Die von den Küstenländern und ZDS in der „Bremer Erklärung“ geforderte Verzehnfachung dieser Mittel für die Länder ist angesichts der Bedarfe in Milliardenhöhe ein Minimalziel, von dem übrigens die Seehafenbetriebe nur mittelbar profitieren. Selbst bei diesem Minimalziel sieht es bislang sehr schlecht aus. Im Haushaltsentwurf für kommendes Jahr ist nichts davon zusehen, bislang bleibt es bei Lippenbekenntnissen und Verweisen auf formelle Bedenken. Wo ein Wille, da ein Weg, davon ist hier nichts zu spüren.
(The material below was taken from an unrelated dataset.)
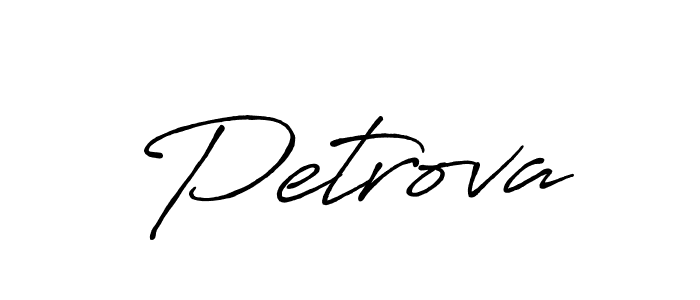 Make a beautiful signature design for name Petrova. With this signature (Antro_Vectra_Bolder) style, you can create a handwritten signature for free. Petrova signature style 7 images and pictures png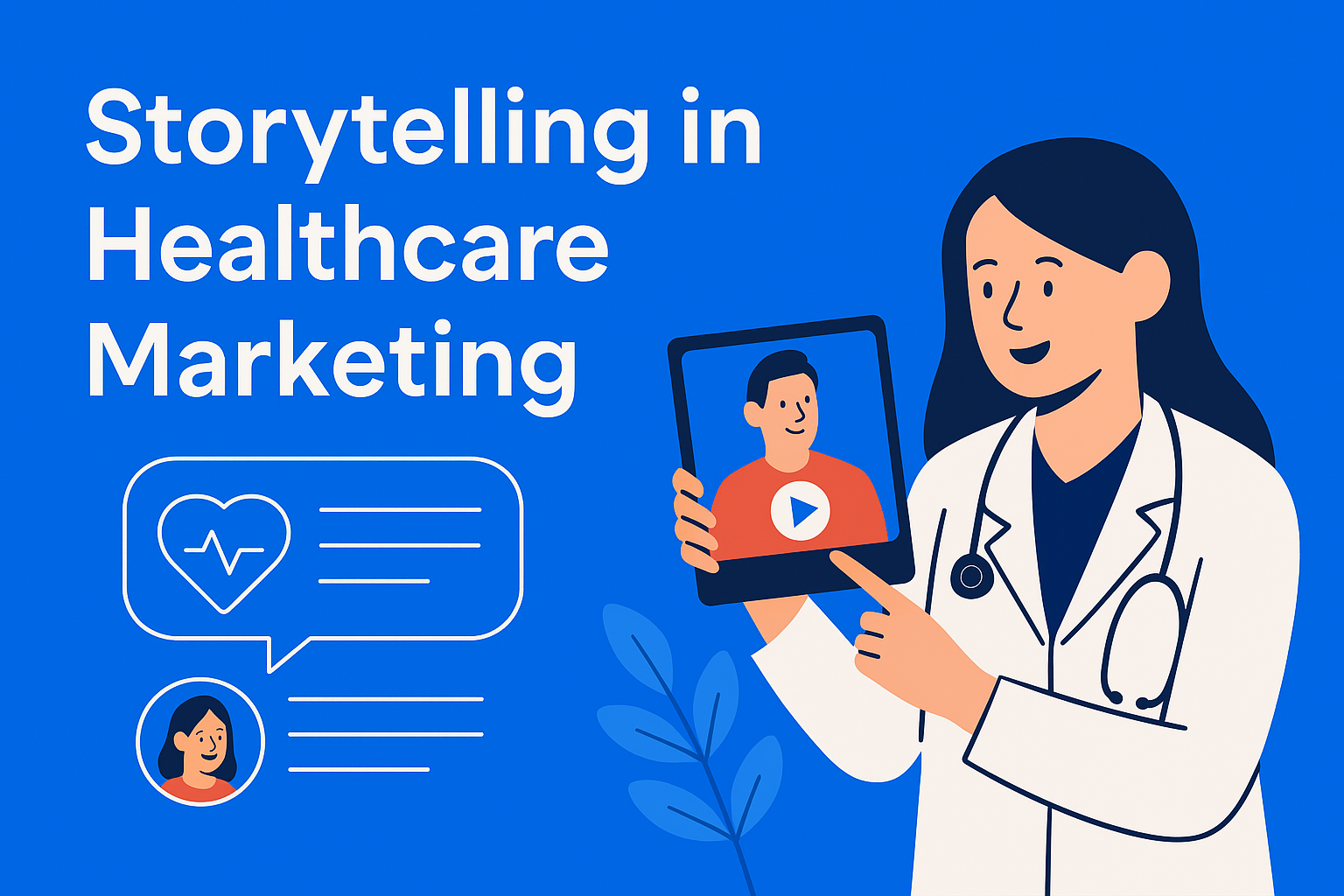 The Power of Patient Stories: Storytelling in Healthcare Marketing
Der im Koalitionsvertrag abgesprungene Tiger befindet sich noch im Flug, ist aber noch nicht ganz als Bettvorleger gelandet. Angesichts der Bedeutung für Industrie, Volkswirtschaft, Arbeitsplätze, Versorgungssicherheit, Exporte und Energiewende wäre ein Scheitern der Nationalen Hafenstrategie fatal. Die Nationale Maritime Konferenz ist vielleicht die letzte Möglichkeit, die Nationale Hafenstrategie bis zum Jahresende noch ins richtige Fahrwasser zu bringen.